*** PROVIDED ENTRIES ***
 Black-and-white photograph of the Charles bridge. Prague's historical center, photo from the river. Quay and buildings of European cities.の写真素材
*** End of PROVIDED ENTRIES ***
*** PROVIDED ENTRIES ***
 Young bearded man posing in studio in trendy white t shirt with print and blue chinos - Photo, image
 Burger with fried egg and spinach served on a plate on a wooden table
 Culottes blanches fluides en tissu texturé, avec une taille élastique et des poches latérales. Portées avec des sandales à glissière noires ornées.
*** End of PROVIDED ENTRIES ***
* [YOUR OBJECTIVE]:
Tally up how many lines in the preceding listing contain the word "with". Give nothing but the number.

* [EXPECTED OUTPUT]:
2